Task prompt. Copy the listing as it is written, and leave each picture out.

--- The data Enclosed Below ---

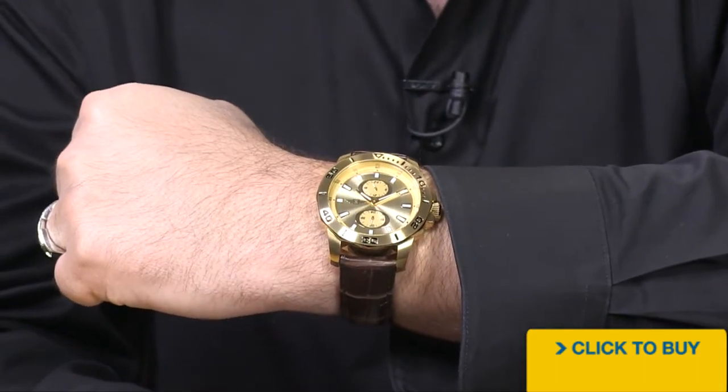I think this is kind of the perfect all-around watch for its price point. Now you've had a chance to see this on your wrist and get an idea for the size and the elegance of it. Now it's your chance to head on over to www.worldofwatches.com and make it yours.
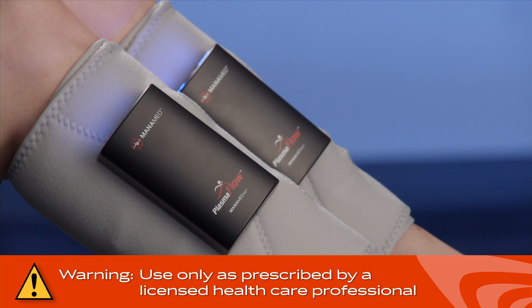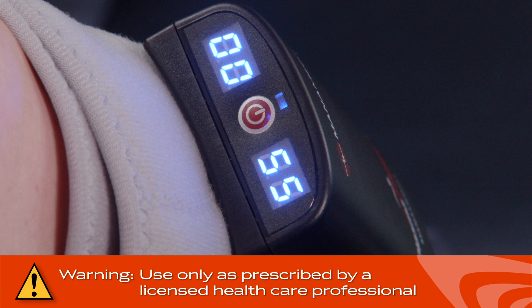Be sure to use PlasmaFlow as prescribed by a licensed healthcare professional. Do not use PlasmaFlow if you have not received or do not understand your doctor's instructions.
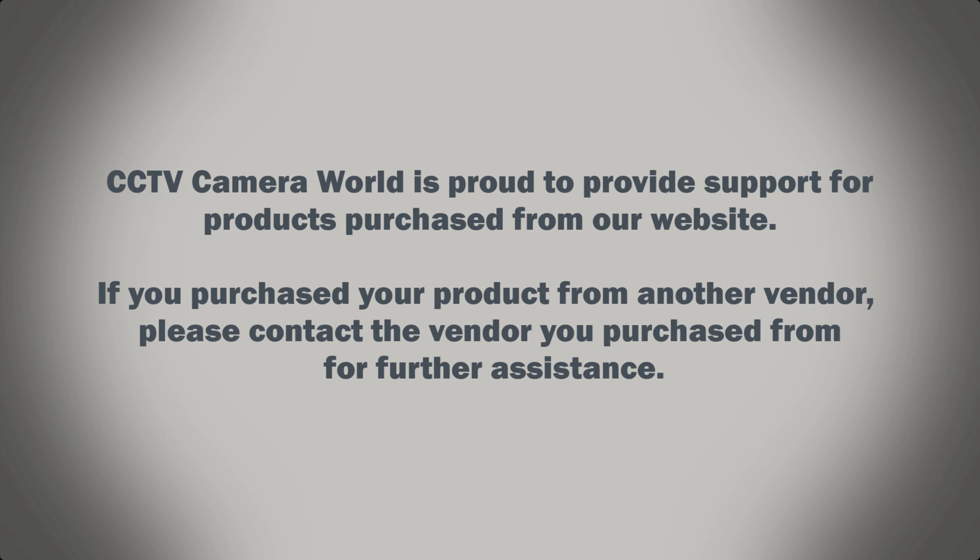CCTV Camera World is proud to provide support for products purchased from our website. If you purchased your product from another vendor, please contact the vendor you purchased from for further assistance.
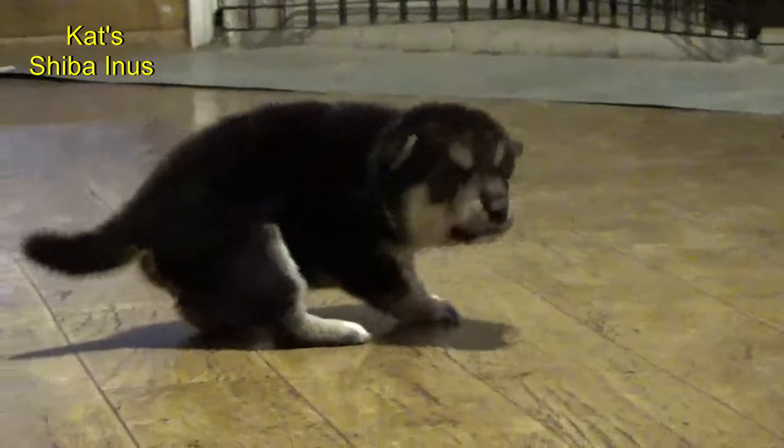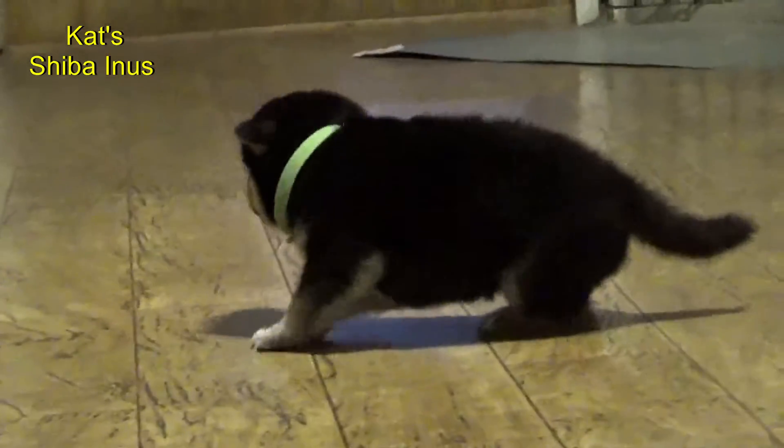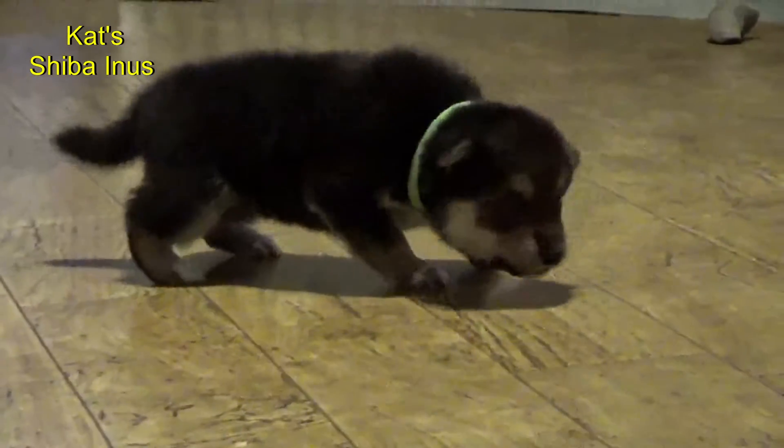Let's see if we can get the other side. Turn it around for me. There you go. She's posing. And her white chest goes all the way down to her navel. She's got full white.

--- End of Enclosed The data ---

Task output.
I think this is kind of the perfect all-around watch for its price point. Now you've had a chance to see this on your wrist and get an idea for the size and the elegance of it. Now it's your chance to head on over to www.worldofwatches.com and make it yours.
Be sure to use PlasmaFlow as prescribed by a licensed healthcare professional. Do not use PlasmaFlow if you have not received or do not understand your doctor's instructions.
CCTV Camera World is proud to provide support for products purchased from our website. If you purchased your product from another vendor, please contact the vendor you purchased from for further assistance.
Let's see if we can get the other side. Turn it around for me. There you go. She's posing. And her white chest goes all the way down to her navel. She's got full white.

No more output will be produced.